In honor of yesterday’s 40th anniversary of the major eruption of Mt. St. Helens, a musical work devoted to that very mountain. Alan Hovhaness was an American composer of Armenian descent, and he was very prolific, eventually producing over 500 numbered works in his almost 90 years (and in reality more than that, as when he was a young man he purposely destroyed his entire output to that point in an effort to start again). In 1982 he composed a symphony, his fiftieth, that was inspired by Mt. St. Helens and the 1980 eruption that destroyed its Alpine grandeur and reduced it to a moonscape of rubble. Hovhaness lived in Seattle at the time, so he was about as close to the mountain as I was in Hillsboro (he might have actually been farther away). The piece is in three movements, which Hovhaness described as follows:
When Mount St. Helens erupted on the morning of May 18, 1980, the sonic boom struck our south windows. Ashes did not come here at that time but covered land to the east all across the State of Washington into Montana. Ashes continued to travel all around the world, landing lightly on our house a week later, after their journey all around our planet. In my Mount St. Helens Symphony I have tried to suggest a musical tribute to the sublime grandeur and beauty of Mount St. Helens and the surrounding majestic Cascade Mountains.

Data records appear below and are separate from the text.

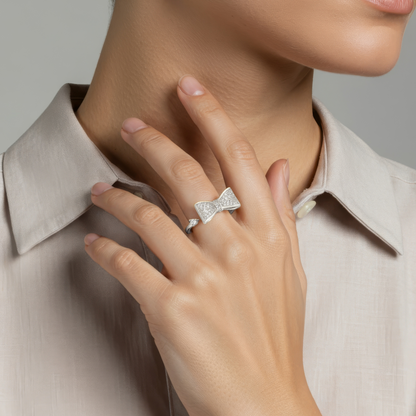 Square ring with zirconia stones - 925 silver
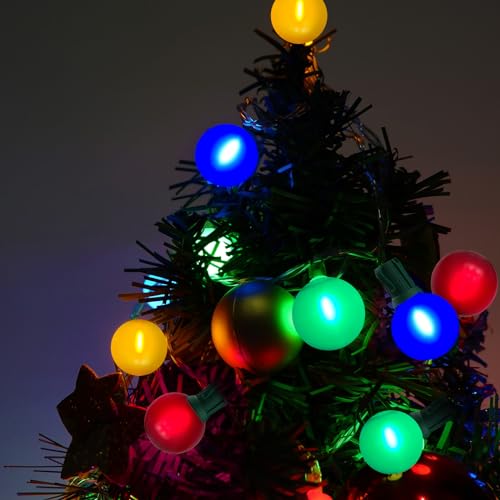 50Ft Outdoor Frosted Multicolor G40 Globe String Lights with 25 Colorful Bulbs (2 Spare) – Perfect for Holiday Parties and Backyard Christmas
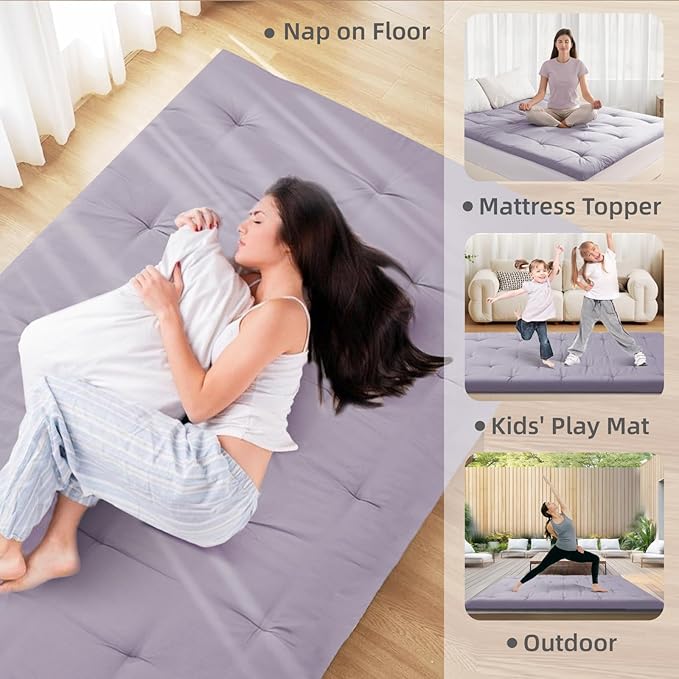 Japanese Floor Mattress, Futon Mattress Twin Size 39"x 80", 2.56" Thicken Tatami Mattress, Portable Foldable Floor Bed, Roll Up Futon Cushion, Suitable for Camping Guest Room Dormitory (Grey)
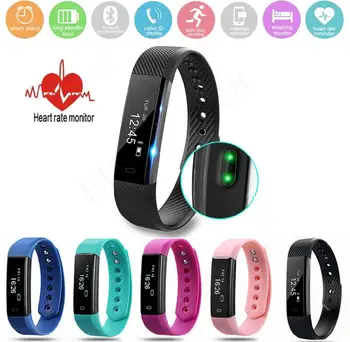 

Smart Bracelet Heart Rate Blood Pressure Monitor Fitness Tracker Sport Waterproof Smart Band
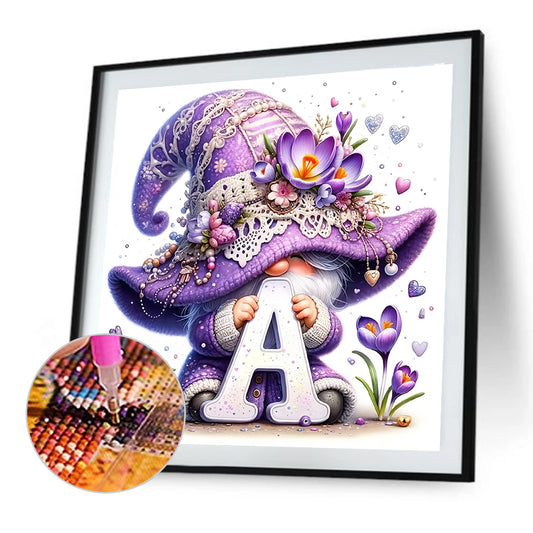 Letter A Gnome - Full Round Drill Diamond Painting 40*40CM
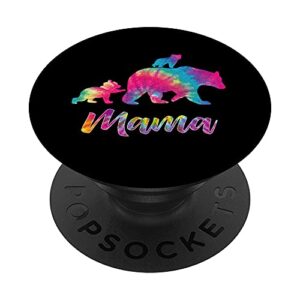 Mama Bear Shirt Tie Dye for Women Shirt Mama Bear with 2 cub PopSockets PopGrip: Swappable Grip for Phones & Tablets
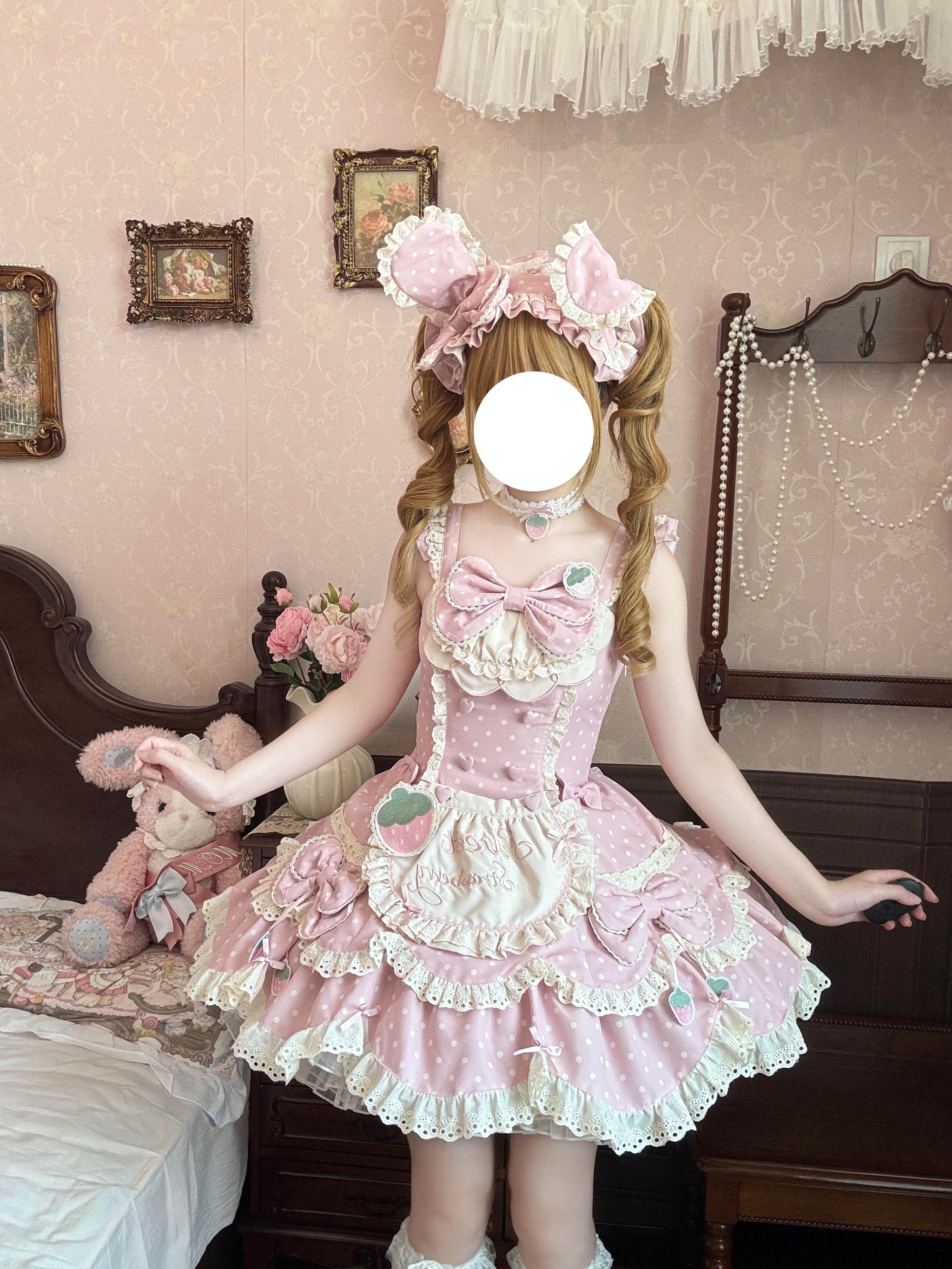 Salty Cream - Strawberry Polka Dot - Sweet Lolita OP Dress, Detachable Apron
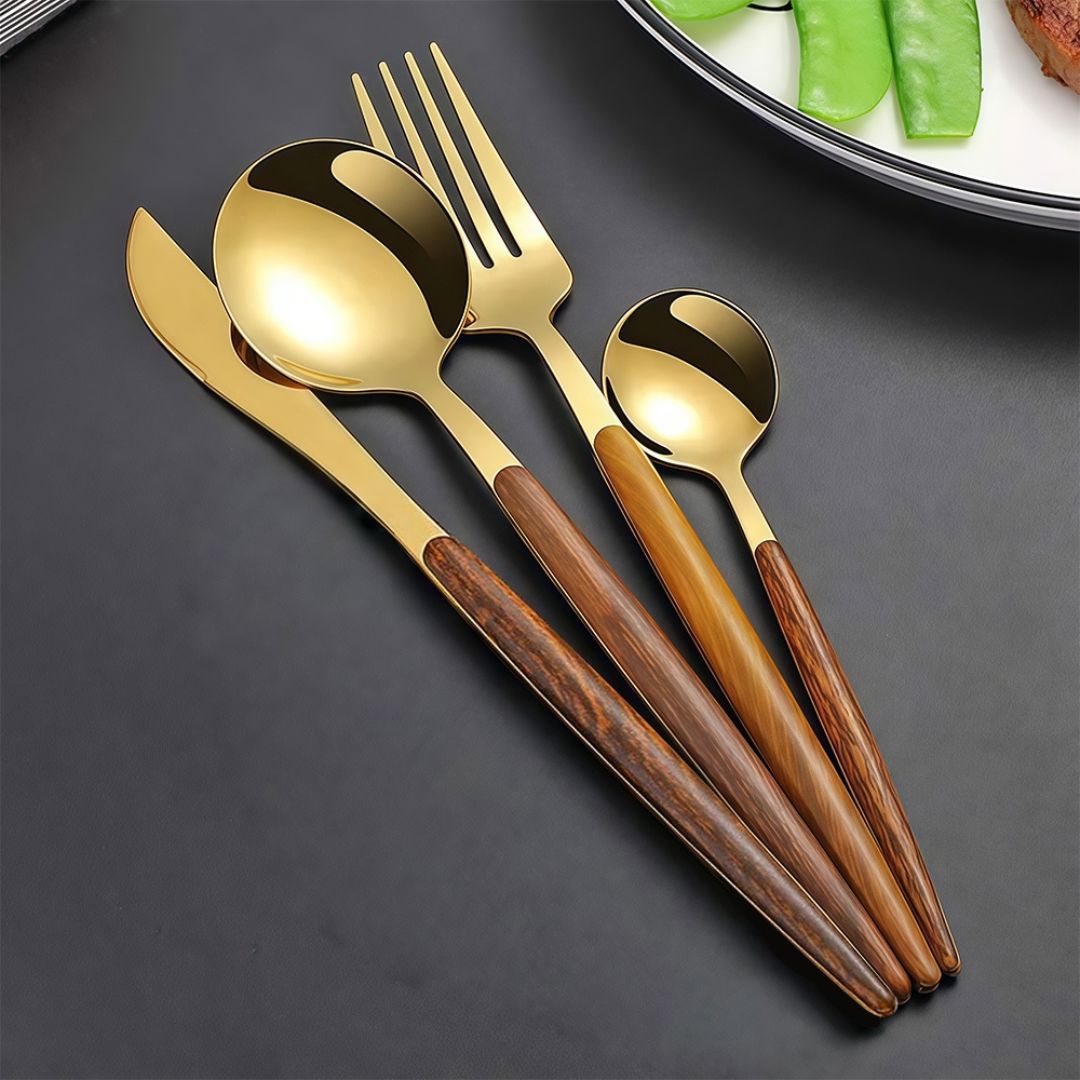 Jogo de Talheres 24 Peças Aço Inox Dourado com Alças Estilo Madeira Mesa Posta050 Cozinha com Estilo 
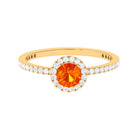 Round Orange Sapphire Halo Engagement Ring with Diamond Orange Sapphire - ( AAA ) - Quality - Rosec Jewels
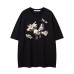 Cartoon Character Letter Print Short Sleeve T-Shirt Unisex Loose Casual Hip Hop Top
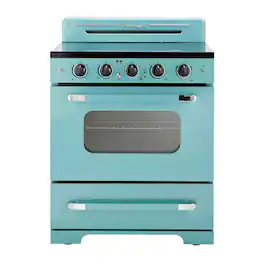 Unique Appliances - 30 in. Wide 5 Elements Classic Retro 3.9 Cu. Ft. Freestanding Electic Convection Range with Glass Top and Storage Drawer - Ocean Mist Turquoise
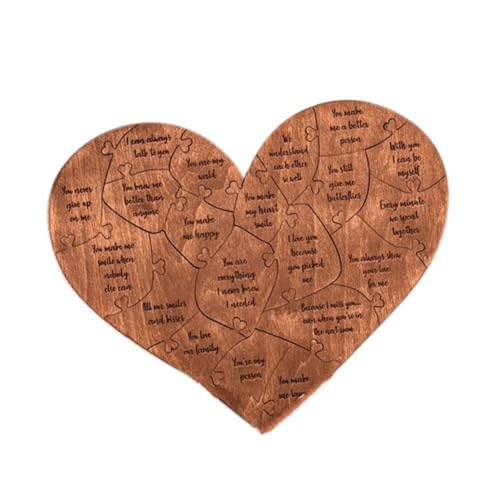 Wooden Heart Puzzle, Holzherz-Puzzle, Personalisiertes Holz Puzzle in Herzform, Gründe, Warum ich Dich Liebe Personalisiertes Herz Puzzle Geschenk für Ihre Liebsten, Geschenk zu Valentinstag von LUCKKY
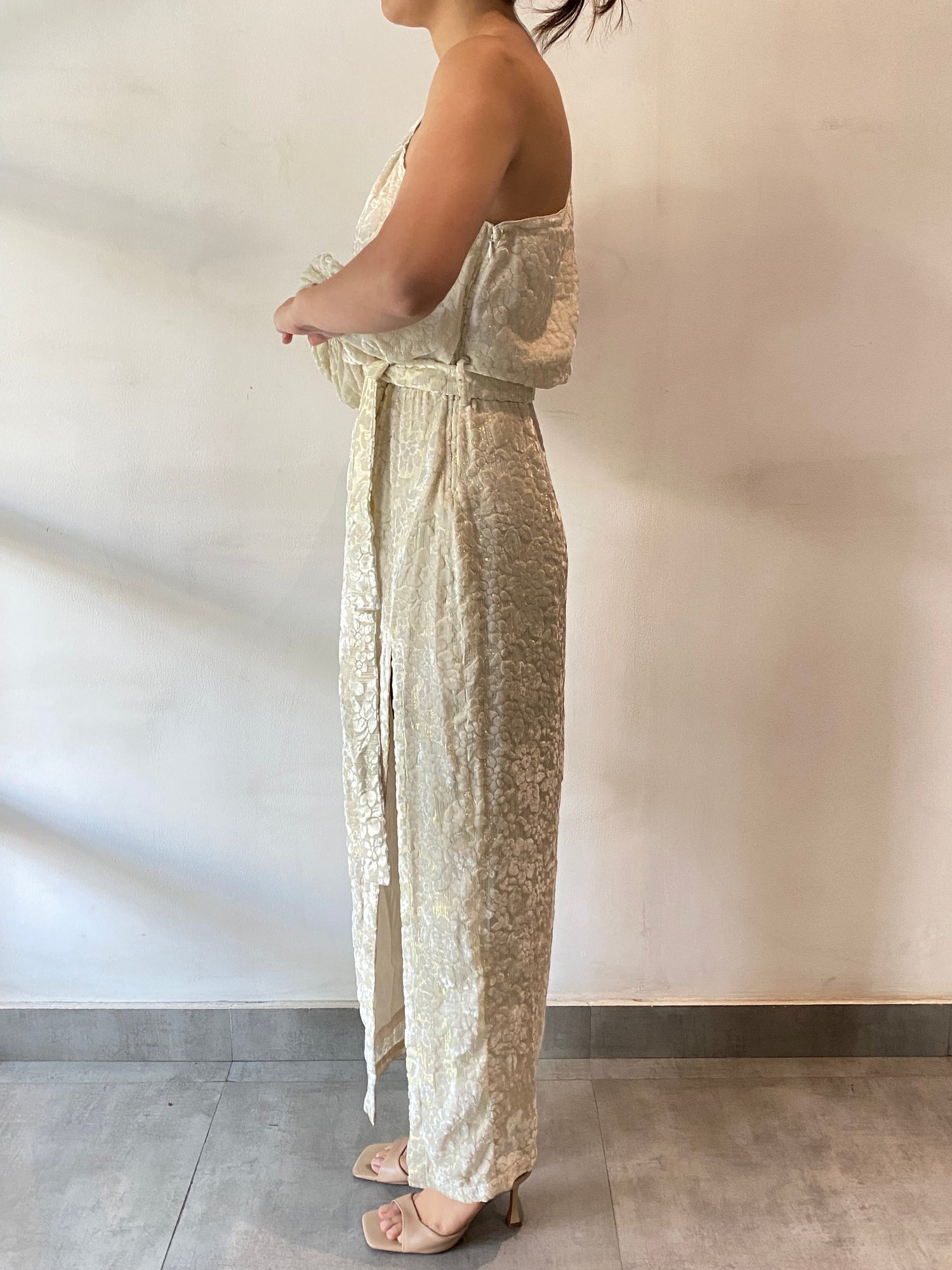 One Shoulder Long Sleeve Long Dress | White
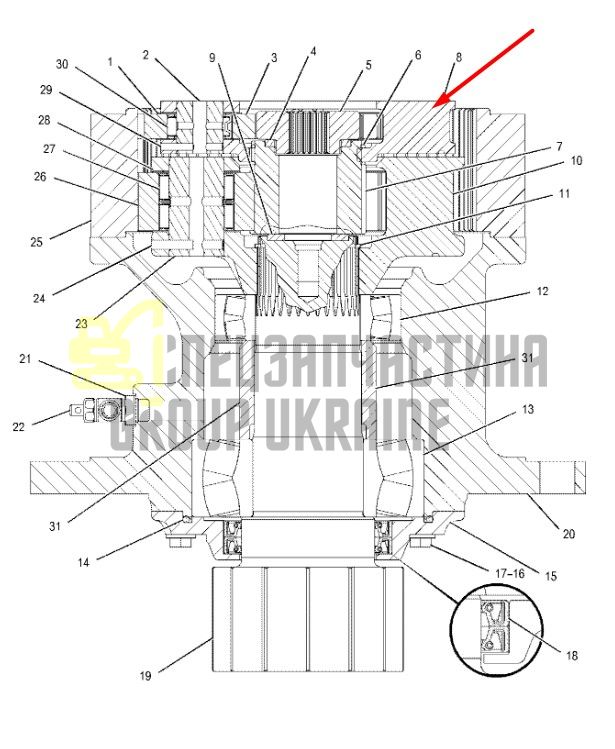 191-2511 Первая планетарная передача поворотного редуктора CAT 330D/336D
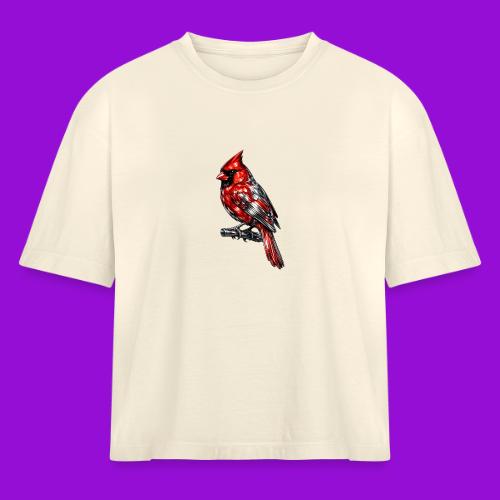 Silver Cardinal - Women's Heavyweight Cropped T-Shirt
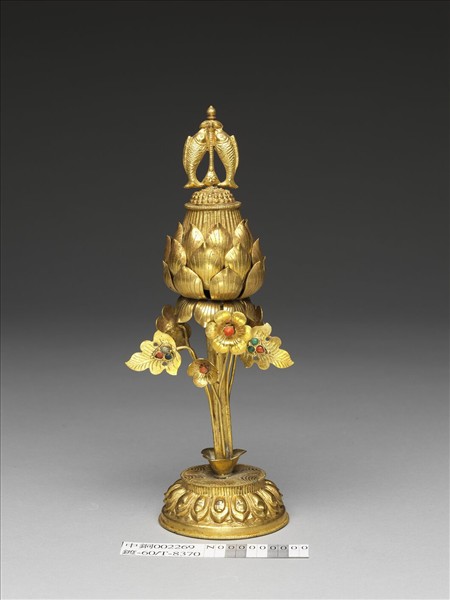 銅鍍金嵌料石八吉祥-雙魚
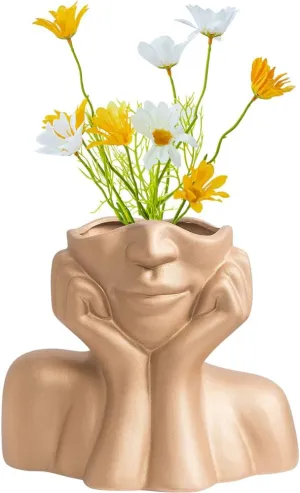 Face Vase Golden Flower Vase Head Vase Ceramic Vases for Home Decor Figurines Bud Vase Boho Vase Modern Sculpture Art Decorations for Living Room Bedroom Centerpiece Table Wedding Small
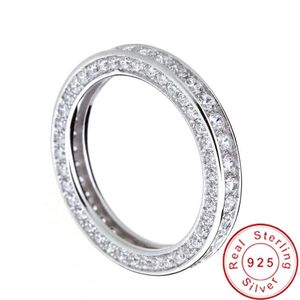 Sonsuzluk 3 Row Lab Diamond Cz Yüzük 925 STERLING Gümüş Nişan Alyans Kadınlar Gelin Güzel Partisi Takı Hediye Kümesi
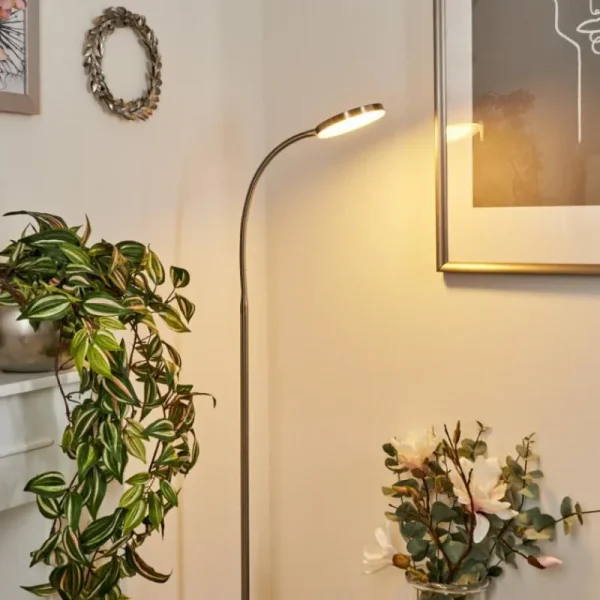 hofstein Lampadaire Haltia LED Nickel mat, 1 lumière* Lampes En Verre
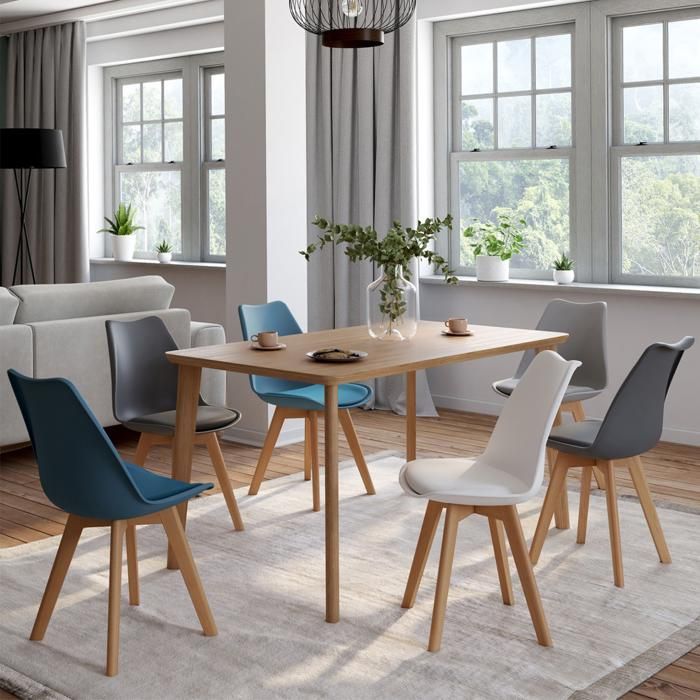 IDMARKET Lot de 6 chaises de salle à manger SARA scandinaves blanc, gris clair, bleu canard x2, gris foncé x2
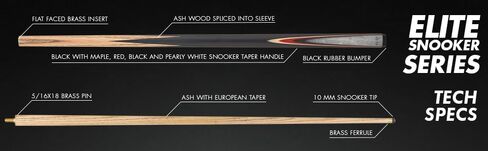 Elite ELSNK13 Snooker Pool Cue - Blonde Ash, Black Stained Maple with Red, Black, and Pearly White in Saudi Arabia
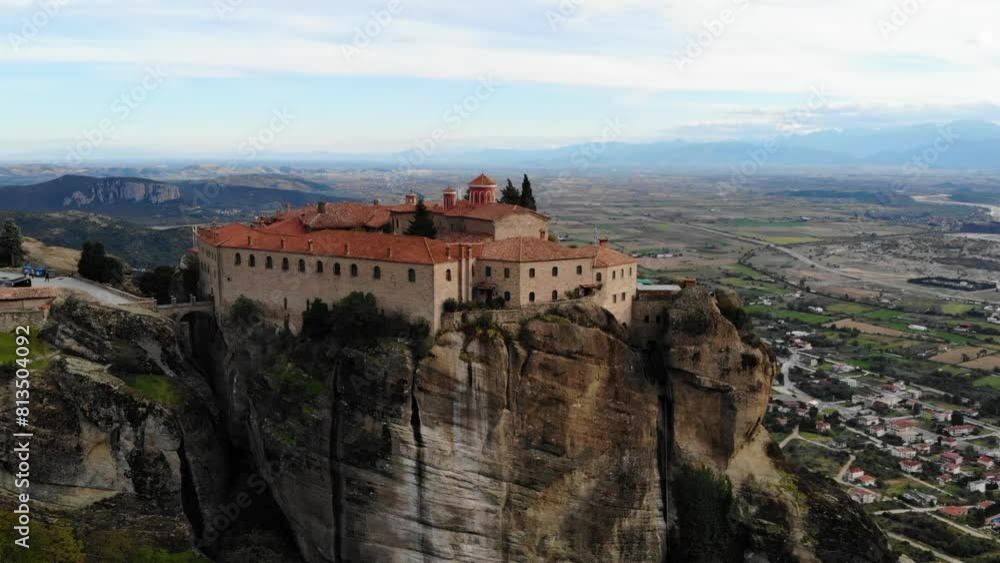 St. Stephen's monastery in Meteora towers majestically on a rock. St. Stephen's monastery in Meteora towers majestically on a rock.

The first two movements are evocative of the mountain itself and of Spirit Lake, while the third is most clearly a depiction of the violent cacophony of the May 18 eruption. I don’t tend to hear specific things in program music when I listen to it, even if supplied with a program by the composer, but it’s not hard to pick up on Hovhaness’s mysticism and is willingness to depict that mysticism through interesting orchestral effects. I haven’t heard a lot of Hovhaness, and in general he’s the kind of composer whose music I find more interesting than emotionally affecting, but this piece is certainly interesting and it does musically depict a sort of naturalistic majesty.